# Exercise
Go to the line holding "Enable iCloud Sync" in the data below and repeat it exactly, then each line after it up to and including the one holding "A really important". Omit pictures.

# Exercise material
== Segment start ==

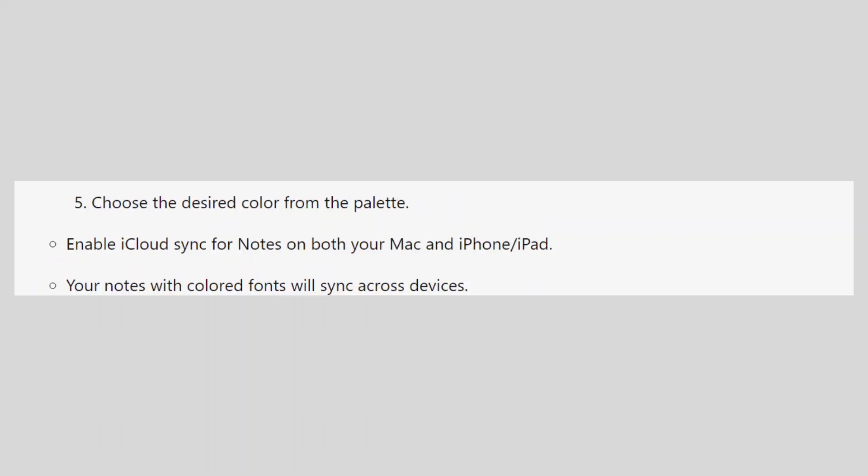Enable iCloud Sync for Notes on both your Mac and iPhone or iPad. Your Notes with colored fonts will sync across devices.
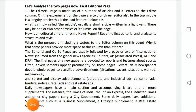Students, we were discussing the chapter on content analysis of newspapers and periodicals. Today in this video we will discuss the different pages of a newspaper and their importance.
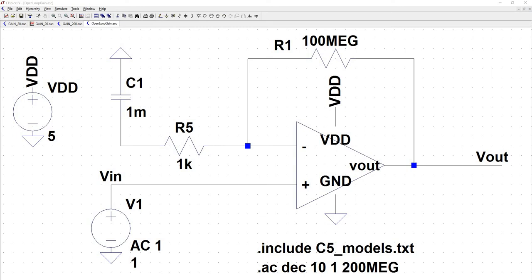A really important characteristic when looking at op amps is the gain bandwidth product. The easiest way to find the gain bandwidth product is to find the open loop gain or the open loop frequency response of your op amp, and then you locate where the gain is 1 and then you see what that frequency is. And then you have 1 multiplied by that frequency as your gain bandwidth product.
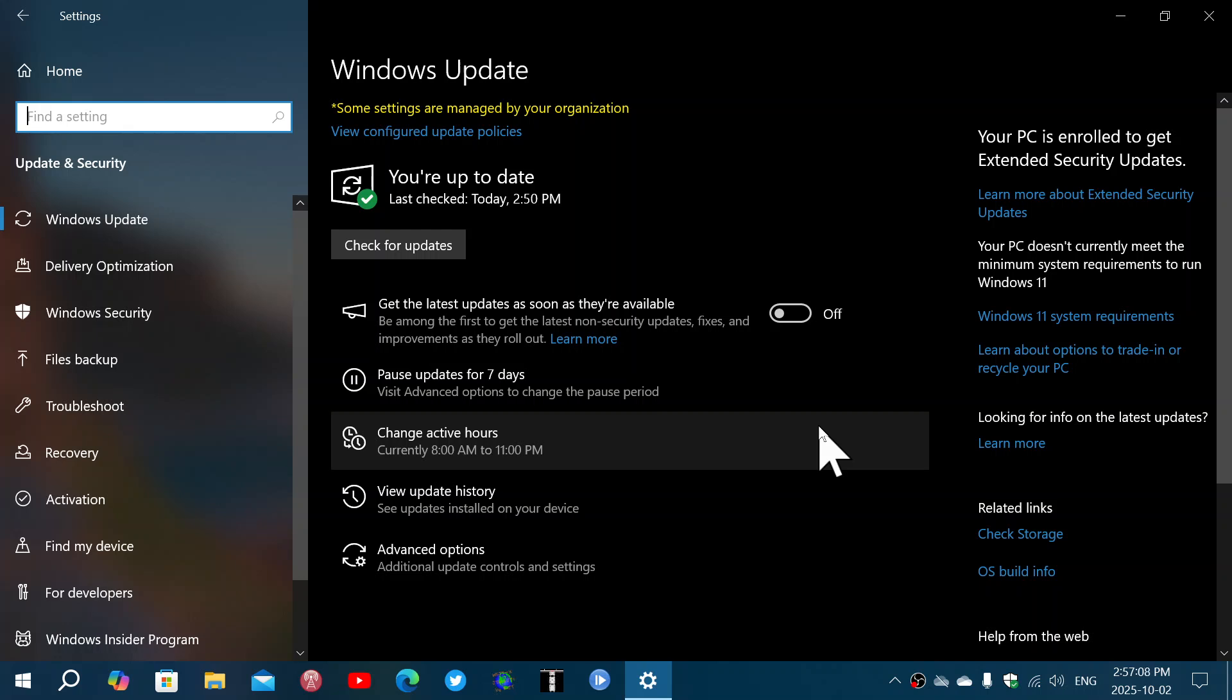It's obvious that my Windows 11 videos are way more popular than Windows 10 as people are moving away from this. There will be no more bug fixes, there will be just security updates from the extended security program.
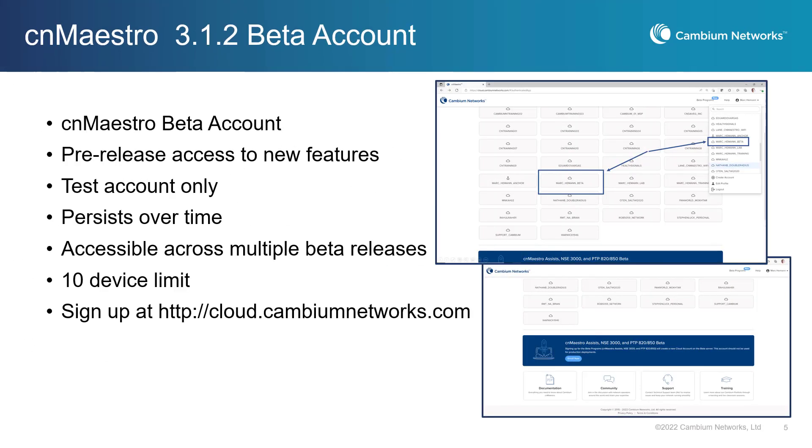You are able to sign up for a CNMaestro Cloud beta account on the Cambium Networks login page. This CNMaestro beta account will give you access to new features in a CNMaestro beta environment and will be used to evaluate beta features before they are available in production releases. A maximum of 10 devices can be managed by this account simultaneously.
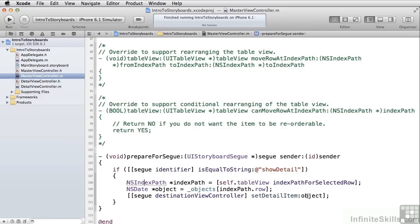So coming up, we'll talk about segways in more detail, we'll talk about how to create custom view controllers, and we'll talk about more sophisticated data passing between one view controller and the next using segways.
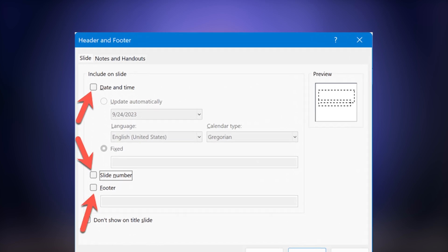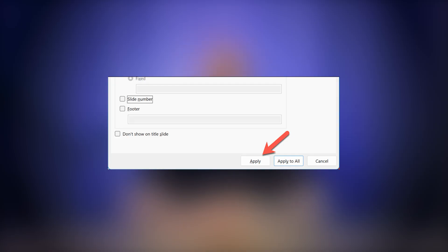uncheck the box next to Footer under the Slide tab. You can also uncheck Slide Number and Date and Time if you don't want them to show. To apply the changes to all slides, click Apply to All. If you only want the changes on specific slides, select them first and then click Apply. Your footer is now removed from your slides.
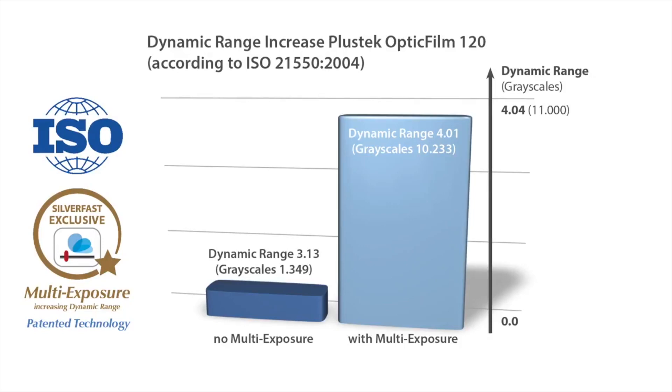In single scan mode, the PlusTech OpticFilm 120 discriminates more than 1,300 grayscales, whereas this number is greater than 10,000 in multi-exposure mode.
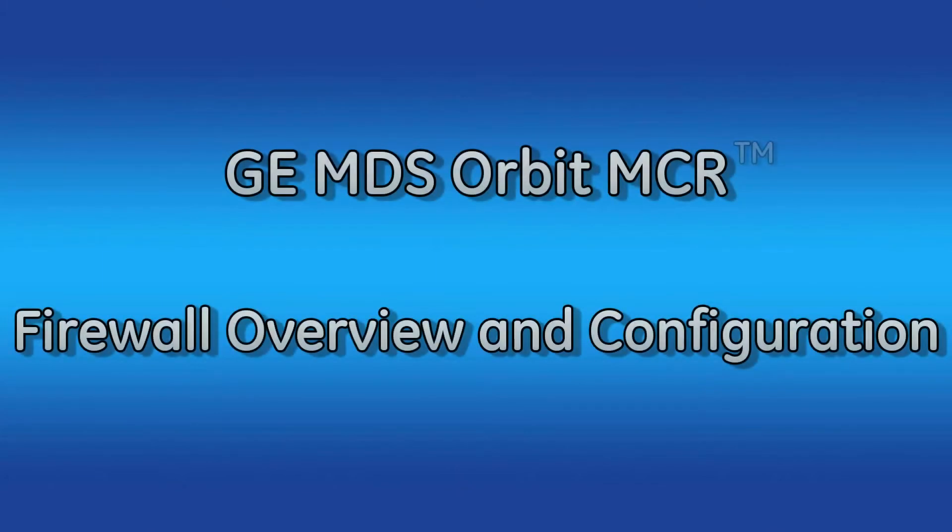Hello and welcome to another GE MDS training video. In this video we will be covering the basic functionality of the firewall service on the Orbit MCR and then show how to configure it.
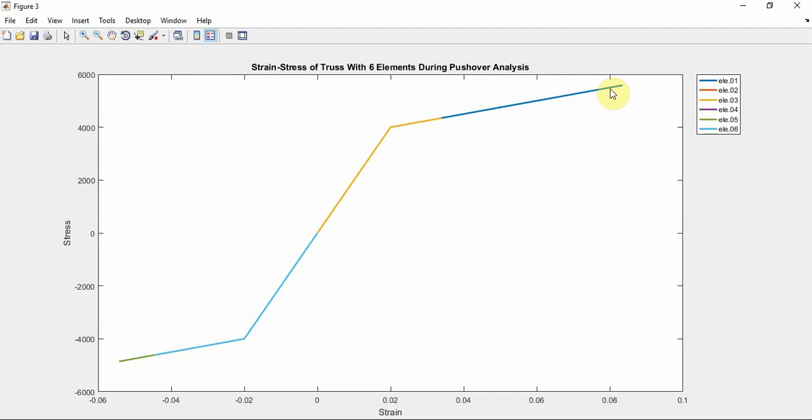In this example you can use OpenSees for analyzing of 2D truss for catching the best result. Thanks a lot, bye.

== Segment end ==
== Segment start ==

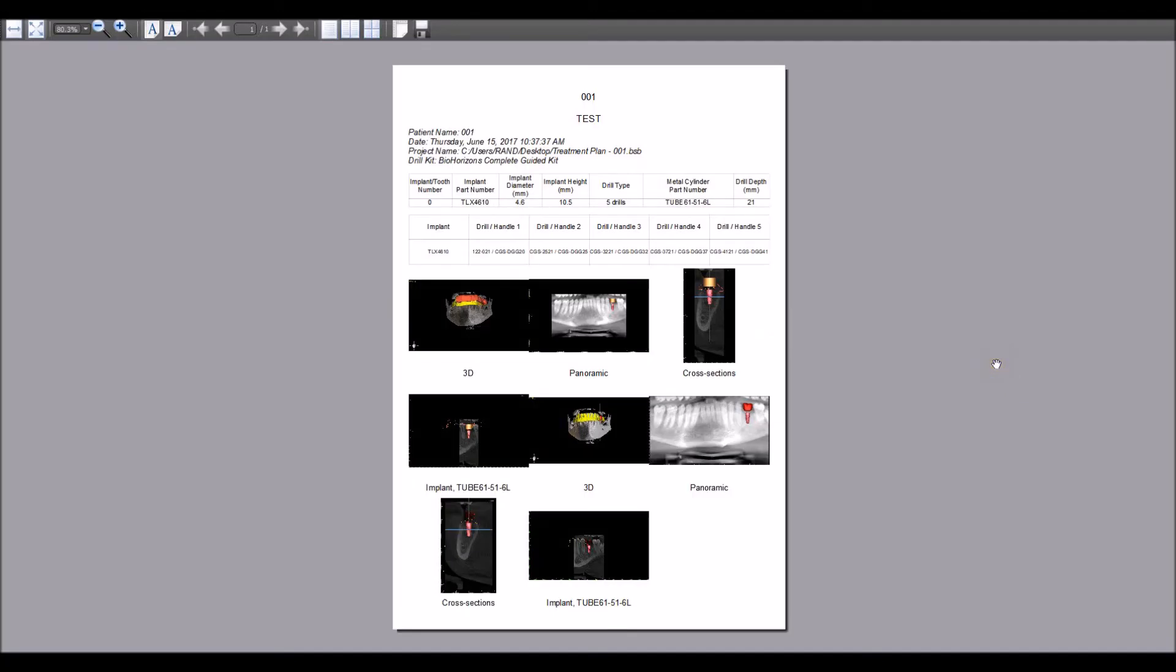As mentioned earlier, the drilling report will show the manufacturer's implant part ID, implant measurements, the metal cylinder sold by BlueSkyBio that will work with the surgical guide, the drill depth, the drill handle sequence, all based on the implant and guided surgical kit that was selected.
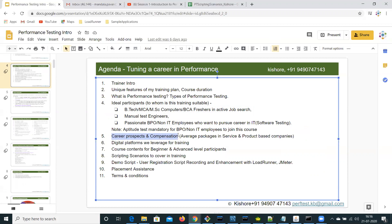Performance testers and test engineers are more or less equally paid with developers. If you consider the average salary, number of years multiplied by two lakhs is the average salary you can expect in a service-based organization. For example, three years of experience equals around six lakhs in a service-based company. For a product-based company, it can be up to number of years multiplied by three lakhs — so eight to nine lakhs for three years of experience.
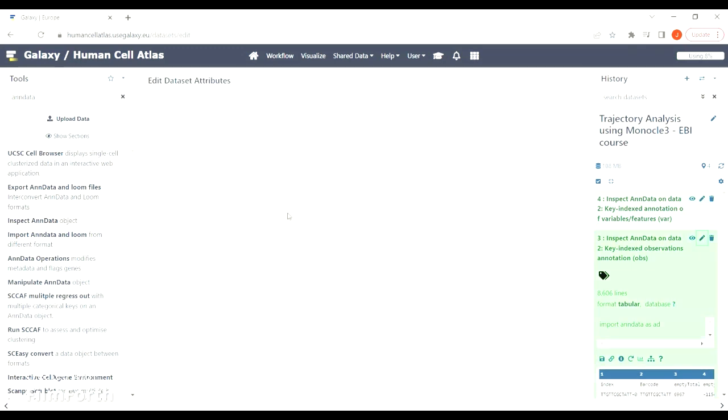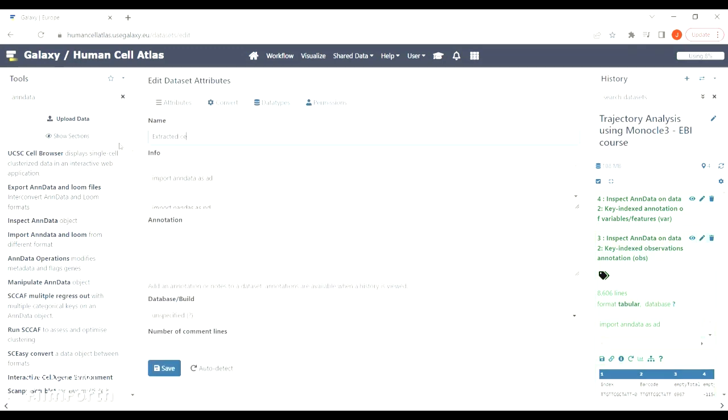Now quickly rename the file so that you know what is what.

== Segment end ==

# Reply
Enable iCloud Sync for Notes on both your Mac and iPhone or iPad. Your Notes with colored fonts will sync across devices.
Students, we were discussing the chapter on content analysis of newspapers and periodicals. Today in this video we will discuss the different pages of a newspaper and their importance.
A really important characteristic when looking at op amps is the gain bandwidth product. The easiest way to find the gain bandwidth product is to find the open loop gain or the open loop frequency response of your op amp, and then you locate where the gain is 1 and then you see what that frequency is. And then you have 1 multiplied by that frequency as your gain bandwidth product.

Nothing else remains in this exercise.